In the days since Major League Baseball moved its All-Star Game from Atlanta due to onerous voting regulations passed by state lawmakers and signed by Georgia Gov. Brian Kemp, the league and others supporting the reinstallation of the game have faced a cross-platform shootout. reviews that could be alarming, if they weren’t so funny.
From the halls of Congress to the desperate cries of the feverish warriors from the foaming keyboard of their Facebook feeds, the vocal minority shouted in unison:
This Major League Baseball is now an ultra-liberal, community-loving cabal.
That he capitulated to “revival”, a term already appropriate and mutilated in disfigurement from its original meaning.
That they’ll never pitch a first pitch again or attend a game again, as long as … as long as … Augusta National member Rob Manfred is still in charge of the league.

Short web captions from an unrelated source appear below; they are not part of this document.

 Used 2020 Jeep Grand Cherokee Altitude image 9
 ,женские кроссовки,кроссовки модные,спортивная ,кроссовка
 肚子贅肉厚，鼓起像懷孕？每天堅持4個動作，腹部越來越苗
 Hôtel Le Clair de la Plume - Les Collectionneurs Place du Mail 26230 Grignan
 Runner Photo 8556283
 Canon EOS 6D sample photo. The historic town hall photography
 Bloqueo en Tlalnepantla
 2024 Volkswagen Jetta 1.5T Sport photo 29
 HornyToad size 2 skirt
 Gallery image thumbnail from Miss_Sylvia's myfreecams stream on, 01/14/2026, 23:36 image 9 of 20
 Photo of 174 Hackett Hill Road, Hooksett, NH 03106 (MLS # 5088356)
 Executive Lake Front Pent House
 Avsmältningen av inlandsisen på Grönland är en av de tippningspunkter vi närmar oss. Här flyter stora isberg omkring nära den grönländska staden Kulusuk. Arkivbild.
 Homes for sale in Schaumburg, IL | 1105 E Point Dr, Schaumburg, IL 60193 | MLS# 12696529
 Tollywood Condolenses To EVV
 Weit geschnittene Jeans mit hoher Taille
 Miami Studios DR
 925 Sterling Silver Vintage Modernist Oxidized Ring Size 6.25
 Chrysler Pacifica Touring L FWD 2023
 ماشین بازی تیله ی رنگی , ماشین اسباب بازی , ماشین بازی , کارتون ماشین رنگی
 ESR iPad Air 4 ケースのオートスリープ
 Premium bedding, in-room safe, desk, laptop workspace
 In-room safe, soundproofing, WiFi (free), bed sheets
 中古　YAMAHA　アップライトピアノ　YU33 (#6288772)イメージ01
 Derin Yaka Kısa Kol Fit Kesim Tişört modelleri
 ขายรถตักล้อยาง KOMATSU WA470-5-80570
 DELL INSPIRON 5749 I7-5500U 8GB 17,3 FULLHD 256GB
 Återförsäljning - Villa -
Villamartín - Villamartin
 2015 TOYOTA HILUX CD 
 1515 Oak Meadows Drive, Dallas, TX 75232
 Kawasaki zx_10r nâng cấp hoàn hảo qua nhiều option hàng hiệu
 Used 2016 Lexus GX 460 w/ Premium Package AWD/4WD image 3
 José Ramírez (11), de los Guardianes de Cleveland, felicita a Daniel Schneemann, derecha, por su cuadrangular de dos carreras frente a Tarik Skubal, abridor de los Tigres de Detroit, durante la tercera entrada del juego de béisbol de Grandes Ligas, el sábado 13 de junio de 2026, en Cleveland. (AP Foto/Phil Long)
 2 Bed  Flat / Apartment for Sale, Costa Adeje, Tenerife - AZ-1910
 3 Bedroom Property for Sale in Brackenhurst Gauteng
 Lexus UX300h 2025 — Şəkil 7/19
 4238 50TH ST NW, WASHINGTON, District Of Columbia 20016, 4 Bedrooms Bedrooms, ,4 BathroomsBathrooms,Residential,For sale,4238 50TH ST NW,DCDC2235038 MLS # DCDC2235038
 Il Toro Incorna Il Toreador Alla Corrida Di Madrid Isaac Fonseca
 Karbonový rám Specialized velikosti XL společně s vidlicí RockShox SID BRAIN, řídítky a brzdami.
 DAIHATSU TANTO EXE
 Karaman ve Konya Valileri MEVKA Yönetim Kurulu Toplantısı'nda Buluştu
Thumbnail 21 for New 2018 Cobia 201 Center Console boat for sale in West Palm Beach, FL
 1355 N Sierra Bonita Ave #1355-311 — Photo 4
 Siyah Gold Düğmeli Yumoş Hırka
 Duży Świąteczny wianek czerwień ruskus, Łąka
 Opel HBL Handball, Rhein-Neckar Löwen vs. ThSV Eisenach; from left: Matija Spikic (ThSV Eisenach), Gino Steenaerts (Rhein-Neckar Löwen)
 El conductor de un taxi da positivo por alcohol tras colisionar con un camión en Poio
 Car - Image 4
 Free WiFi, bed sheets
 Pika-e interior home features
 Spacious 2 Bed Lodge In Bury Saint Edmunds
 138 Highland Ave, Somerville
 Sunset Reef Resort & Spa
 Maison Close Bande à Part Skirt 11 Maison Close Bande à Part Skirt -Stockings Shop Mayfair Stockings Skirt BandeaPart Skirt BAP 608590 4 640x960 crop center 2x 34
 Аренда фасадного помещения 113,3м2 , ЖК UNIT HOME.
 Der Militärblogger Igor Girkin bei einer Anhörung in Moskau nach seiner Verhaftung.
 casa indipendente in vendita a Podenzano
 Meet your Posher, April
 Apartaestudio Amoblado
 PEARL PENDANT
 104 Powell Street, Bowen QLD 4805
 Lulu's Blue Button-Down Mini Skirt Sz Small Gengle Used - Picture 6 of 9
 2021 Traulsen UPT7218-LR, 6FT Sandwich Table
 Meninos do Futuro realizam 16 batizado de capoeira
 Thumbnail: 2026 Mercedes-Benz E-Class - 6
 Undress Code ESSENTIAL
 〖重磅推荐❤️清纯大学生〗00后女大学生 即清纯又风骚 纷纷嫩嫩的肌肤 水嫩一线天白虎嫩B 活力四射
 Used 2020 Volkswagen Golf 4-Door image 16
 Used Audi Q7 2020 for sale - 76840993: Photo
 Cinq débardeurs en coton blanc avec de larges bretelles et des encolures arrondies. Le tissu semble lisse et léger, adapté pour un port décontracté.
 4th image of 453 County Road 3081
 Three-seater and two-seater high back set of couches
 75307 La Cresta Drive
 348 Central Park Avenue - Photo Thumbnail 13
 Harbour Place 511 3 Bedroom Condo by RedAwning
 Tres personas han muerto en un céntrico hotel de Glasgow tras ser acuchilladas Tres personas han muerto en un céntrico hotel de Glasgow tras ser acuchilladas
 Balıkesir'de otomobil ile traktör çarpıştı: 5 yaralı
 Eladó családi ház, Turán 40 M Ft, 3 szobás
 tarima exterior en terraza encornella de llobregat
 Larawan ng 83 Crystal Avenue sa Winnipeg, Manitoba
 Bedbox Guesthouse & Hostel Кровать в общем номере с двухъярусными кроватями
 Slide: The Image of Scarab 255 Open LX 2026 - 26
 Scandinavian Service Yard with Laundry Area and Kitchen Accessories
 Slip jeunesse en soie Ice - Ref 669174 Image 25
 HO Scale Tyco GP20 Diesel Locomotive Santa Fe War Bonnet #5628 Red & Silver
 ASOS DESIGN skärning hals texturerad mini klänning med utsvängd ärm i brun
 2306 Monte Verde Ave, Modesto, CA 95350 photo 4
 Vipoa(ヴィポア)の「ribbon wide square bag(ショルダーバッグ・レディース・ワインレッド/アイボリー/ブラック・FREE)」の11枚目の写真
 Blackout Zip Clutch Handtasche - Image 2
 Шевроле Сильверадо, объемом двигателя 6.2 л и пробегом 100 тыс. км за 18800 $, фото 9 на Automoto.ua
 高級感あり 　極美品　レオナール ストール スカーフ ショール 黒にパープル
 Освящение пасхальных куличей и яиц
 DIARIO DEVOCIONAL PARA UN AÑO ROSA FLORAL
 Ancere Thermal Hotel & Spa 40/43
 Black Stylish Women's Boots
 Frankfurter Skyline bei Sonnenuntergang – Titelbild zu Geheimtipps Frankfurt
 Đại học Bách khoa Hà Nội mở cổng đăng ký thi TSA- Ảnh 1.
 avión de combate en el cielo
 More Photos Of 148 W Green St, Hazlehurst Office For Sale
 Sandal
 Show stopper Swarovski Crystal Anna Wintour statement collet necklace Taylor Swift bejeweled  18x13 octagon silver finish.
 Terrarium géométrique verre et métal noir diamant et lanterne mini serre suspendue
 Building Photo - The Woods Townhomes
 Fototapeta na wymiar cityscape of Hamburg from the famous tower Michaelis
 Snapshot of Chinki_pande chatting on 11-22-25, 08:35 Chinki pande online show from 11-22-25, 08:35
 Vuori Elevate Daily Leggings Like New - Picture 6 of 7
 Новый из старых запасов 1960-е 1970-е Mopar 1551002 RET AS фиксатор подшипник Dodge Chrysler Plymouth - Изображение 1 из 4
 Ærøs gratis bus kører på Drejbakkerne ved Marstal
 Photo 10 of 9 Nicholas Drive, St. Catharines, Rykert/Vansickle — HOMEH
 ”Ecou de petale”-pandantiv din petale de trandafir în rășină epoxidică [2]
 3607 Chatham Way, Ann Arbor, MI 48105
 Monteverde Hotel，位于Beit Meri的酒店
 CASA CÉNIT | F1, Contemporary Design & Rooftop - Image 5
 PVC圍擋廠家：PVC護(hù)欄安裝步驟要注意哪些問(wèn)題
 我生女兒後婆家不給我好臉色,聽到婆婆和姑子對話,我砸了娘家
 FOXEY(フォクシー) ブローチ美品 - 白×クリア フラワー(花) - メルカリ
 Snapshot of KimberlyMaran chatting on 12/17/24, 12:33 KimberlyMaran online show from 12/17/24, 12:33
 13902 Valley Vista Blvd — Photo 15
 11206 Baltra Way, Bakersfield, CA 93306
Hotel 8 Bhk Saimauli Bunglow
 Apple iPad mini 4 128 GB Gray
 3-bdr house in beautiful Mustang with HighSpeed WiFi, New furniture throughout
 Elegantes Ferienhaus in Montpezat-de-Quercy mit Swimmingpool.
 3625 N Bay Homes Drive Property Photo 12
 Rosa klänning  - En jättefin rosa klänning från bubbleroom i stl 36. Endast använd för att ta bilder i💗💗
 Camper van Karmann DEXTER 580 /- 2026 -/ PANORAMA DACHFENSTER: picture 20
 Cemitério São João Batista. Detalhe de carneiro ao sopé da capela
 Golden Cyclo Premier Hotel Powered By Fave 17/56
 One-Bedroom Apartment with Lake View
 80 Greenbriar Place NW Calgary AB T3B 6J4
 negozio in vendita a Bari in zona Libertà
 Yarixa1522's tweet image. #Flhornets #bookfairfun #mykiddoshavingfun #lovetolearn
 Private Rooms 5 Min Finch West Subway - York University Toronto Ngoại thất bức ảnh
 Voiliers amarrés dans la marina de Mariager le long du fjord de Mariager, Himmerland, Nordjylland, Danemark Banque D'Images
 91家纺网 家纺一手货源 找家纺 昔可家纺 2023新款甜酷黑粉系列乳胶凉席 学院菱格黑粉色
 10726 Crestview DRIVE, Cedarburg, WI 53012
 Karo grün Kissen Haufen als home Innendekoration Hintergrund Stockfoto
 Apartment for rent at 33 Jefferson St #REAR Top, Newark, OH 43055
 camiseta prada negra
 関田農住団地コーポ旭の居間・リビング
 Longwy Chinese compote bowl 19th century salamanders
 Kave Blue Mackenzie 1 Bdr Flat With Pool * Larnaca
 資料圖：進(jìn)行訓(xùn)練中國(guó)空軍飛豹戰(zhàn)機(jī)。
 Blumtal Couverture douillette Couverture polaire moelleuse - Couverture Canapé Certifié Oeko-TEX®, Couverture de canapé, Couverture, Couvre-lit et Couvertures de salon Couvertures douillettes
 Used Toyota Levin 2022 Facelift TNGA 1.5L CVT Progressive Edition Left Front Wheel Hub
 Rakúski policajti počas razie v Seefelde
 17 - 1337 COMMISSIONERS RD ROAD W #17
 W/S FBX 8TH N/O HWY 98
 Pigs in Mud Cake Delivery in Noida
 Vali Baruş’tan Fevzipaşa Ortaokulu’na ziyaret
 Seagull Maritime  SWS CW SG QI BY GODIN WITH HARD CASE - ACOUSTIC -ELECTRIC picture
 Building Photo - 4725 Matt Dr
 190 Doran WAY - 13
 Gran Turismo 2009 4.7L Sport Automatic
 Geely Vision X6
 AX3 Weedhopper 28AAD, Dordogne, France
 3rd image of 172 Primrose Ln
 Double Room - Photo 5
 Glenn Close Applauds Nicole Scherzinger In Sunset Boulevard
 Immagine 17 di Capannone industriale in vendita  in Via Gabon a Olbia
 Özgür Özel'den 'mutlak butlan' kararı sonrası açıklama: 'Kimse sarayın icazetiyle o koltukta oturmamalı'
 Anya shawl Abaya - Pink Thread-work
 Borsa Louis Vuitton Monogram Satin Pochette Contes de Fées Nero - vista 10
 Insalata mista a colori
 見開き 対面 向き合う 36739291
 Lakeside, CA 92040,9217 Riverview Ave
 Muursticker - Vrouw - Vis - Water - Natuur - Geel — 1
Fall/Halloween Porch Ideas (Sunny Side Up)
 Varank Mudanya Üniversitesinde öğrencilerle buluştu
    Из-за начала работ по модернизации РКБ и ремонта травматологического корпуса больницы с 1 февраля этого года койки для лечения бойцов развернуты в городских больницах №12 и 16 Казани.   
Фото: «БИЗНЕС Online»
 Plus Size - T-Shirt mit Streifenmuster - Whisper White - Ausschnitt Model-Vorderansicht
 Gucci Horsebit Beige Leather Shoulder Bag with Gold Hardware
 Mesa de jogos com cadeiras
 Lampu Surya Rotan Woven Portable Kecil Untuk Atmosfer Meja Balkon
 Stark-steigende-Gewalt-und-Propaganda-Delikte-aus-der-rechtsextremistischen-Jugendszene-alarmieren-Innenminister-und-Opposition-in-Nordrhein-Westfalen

The arguments are thin, the attacks barely grounded in reality, and they are particularly absurd to anyone who has spent a few minutes around the game.
Just who, exactly, is this crowd awakened in “The MLB?”
Is it the players, whose clubhouse tables are often filled with copies of Guns & Ammo and Field & Stream, and whose less than overwhelming acceptance of a vaccine that could preserve their season suggests a ideological leaning away from the left?
Is it the executives, many of whom run their teams with bloodless efficiency, who are making the Wal-Mart empire blush?
Is it the owners, whose political contributions – even the most dashing of politicians – hide in plain sight and give a good indication of their direction?
No, baseball is still very conservative. And it’s clear that their more rigorous adoption of social justice initiatives over the past year is not only on the good side of history, but also, quite simply, good business.
Consider the “corporate champions” who stand with the MLB in its rebuke of Georgia’s voting laws: Delta, Coca-Cola, American Airlines, JPMorgan Chase, Citigroup.
Not exactly Ben & Jerry’s and Patagonia.
As the corporate “crowd” grows in voicing their disapproval, it becomes easier to understand how Manfred’s startling decision at the time to move the game out of Georgia was executed quickly and unilaterally.
So the game found a new home in Denver, and the league braced for the outrage unleashed from the Right, and now, nearly a week away, it’s clear the backlash is nothing but the MLB can’t handle it.
The national GOP? Reduced largely to Red-Baiting 101 and a stupid confusion between buying tickets and voting rights, even as defections in its ranks increase.
Senate Minority Leader Mitch McConnell? He issued a “warning to American businesses to stay out of politics,” but immediately begged them to keep giving him money, you know.
The unofficial media arm of the right?
A Fox News request to White House press secretary Jen Psaki on Tuesday saying the voting rules in Colorado, the new All-Star Game site, were similar to those in Georgia, was ready. less than 60 seconds. You could call it Psaki “dunking” on Fox News, but it was too easy.
See where this is going?
The fury will subside and any notion of the game that ever existed in Atlanta could drown in a chorus of oohs and ahhs from a Derby Home Run held at Coors Field, a mile high.
Baseball survived for half a century when it first excluded black players from the game, then faced backfire, boycotts and threats when it dared to allow Jackie Robinson to play. . He survived the national anthem of Jose Feliciano, a no-hitter launched under the influence of hallucinogens and the designated hitter.
A cultural war that is poorly defined and increasingly fringed?
It’s a fight the MLB knew it could and will win.